**Work item**
Quote exactly the lines from the start of the entries to the one with "Detail of cross-back", both ends included.

[[ Provided information open ]]

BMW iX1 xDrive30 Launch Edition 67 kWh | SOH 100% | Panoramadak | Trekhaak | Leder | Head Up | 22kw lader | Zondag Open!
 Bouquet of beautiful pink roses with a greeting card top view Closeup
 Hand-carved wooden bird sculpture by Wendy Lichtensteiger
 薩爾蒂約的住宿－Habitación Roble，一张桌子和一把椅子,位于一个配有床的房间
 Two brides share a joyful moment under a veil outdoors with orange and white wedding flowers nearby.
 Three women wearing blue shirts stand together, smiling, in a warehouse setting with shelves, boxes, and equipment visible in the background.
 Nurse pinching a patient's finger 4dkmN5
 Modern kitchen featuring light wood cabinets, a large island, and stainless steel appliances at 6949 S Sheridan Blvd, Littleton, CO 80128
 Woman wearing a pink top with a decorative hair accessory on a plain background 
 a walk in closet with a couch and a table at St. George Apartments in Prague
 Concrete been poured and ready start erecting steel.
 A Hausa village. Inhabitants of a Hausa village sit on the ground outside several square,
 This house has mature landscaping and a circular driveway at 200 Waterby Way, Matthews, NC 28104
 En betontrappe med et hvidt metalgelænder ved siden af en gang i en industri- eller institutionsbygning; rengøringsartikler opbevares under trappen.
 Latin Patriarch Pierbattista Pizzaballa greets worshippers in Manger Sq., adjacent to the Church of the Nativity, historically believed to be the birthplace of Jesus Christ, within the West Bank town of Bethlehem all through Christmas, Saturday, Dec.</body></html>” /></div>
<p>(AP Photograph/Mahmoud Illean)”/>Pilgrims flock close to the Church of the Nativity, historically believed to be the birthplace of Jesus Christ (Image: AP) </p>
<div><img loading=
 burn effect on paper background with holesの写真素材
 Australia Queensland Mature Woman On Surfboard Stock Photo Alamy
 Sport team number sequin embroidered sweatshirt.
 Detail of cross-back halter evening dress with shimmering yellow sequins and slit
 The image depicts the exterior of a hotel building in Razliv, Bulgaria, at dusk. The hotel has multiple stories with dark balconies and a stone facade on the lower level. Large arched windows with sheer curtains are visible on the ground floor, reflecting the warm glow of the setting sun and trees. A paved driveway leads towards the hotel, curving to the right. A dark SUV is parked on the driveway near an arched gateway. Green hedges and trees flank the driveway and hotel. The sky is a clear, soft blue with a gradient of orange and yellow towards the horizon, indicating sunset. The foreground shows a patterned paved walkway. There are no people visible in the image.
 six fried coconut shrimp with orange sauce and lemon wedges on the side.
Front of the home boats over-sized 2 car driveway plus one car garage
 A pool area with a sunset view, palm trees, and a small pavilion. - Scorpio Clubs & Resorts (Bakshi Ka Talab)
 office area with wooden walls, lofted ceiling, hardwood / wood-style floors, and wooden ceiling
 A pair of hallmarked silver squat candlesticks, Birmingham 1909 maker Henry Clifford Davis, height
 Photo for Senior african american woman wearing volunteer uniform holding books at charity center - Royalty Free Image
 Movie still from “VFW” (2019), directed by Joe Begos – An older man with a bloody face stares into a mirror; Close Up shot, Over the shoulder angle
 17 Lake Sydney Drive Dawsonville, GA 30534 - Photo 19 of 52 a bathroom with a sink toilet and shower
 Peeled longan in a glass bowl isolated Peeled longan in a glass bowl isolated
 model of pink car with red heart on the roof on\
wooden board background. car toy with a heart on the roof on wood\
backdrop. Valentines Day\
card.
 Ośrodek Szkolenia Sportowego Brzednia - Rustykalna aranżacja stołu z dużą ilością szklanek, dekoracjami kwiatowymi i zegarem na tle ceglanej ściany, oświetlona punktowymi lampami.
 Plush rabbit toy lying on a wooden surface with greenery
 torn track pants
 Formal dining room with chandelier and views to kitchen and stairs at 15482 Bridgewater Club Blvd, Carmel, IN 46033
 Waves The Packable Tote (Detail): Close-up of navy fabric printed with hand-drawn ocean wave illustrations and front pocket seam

[[ Provided information closed ]]

**Task output**
BMW iX1 xDrive30 Launch Edition 67 kWh | SOH 100% | Panoramadak | Trekhaak | Leder | Head Up | 22kw lader | Zondag Open!
 Bouquet of beautiful pink roses with a greeting card top view Closeup
 Hand-carved wooden bird sculpture by Wendy Lichtensteiger
 薩爾蒂約的住宿－Habitación Roble，一张桌子和一把椅子,位于一个配有床的房间
 Two brides share a joyful moment under a veil outdoors with orange and white wedding flowers nearby.
 Three women wearing blue shirts stand together, smiling, in a warehouse setting with shelves, boxes, and equipment visible in the background.
 Nurse pinching a patient's finger 4dkmN5
 Modern kitchen featuring light wood cabinets, a large island, and stainless steel appliances at 6949 S Sheridan Blvd, Littleton, CO 80128
 Woman wearing a pink top with a decorative hair accessory on a plain background 
 a walk in closet with a couch and a table at St. George Apartments in Prague
 Concrete been poured and ready start erecting steel.
 A Hausa village. Inhabitants of a Hausa village sit on the ground outside several square,
 This house has mature landscaping and a circular driveway at 200 Waterby Way, Matthews, NC 28104
 En betontrappe med et hvidt metalgelænder ved siden af en gang i en industri- eller institutionsbygning; rengøringsartikler opbevares under trappen.
 Latin Patriarch Pierbattista Pizzaballa greets worshippers in Manger Sq., adjacent to the Church of the Nativity, historically believed to be the birthplace of Jesus Christ, within the West Bank town of Bethlehem all through Christmas, Saturday, Dec.</body></html>” /></div>
<p>(AP Photograph/Mahmoud Illean)”/>Pilgrims flock close to the Church of the Nativity, historically believed to be the birthplace of Jesus Christ (Image: AP) </p>
<div><img loading=
 burn effect on paper background with holesの写真素材
 Australia Queensland Mature Woman On Surfboard Stock Photo Alamy
 Sport team number sequin embroidered sweatshirt.
 Detail of cross-back halter evening dress with shimmering yellow sequins and slit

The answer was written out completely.